(Beginning of Source data)

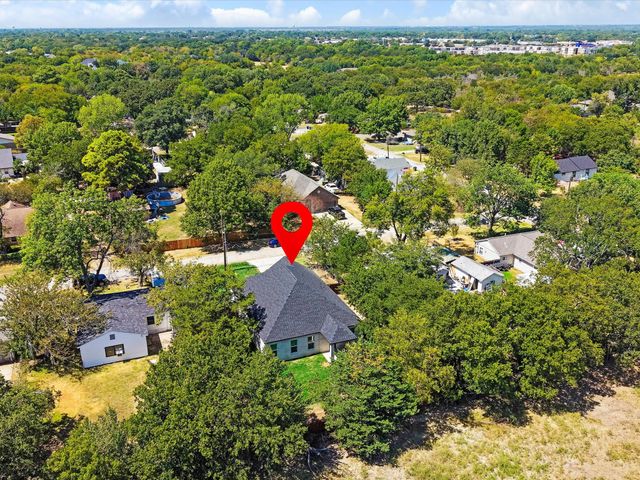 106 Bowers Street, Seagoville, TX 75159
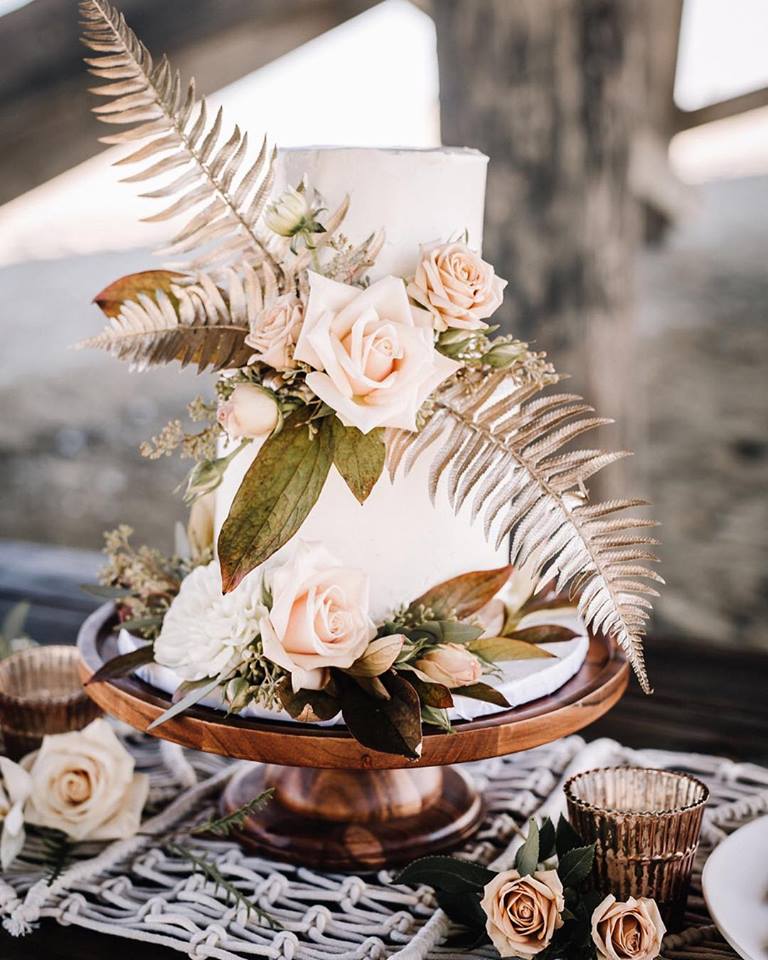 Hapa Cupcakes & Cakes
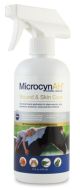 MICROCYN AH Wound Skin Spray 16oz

(End of Source data)

Begin with the line that contains "Hapa Cupcakes & Cakes" and repeat every line through the end of the data, exactly and only those lines, leaving out the pictures.

 Hapa Cupcakes & Cakes
 MICROCYN AH Wound Skin Spray 16oz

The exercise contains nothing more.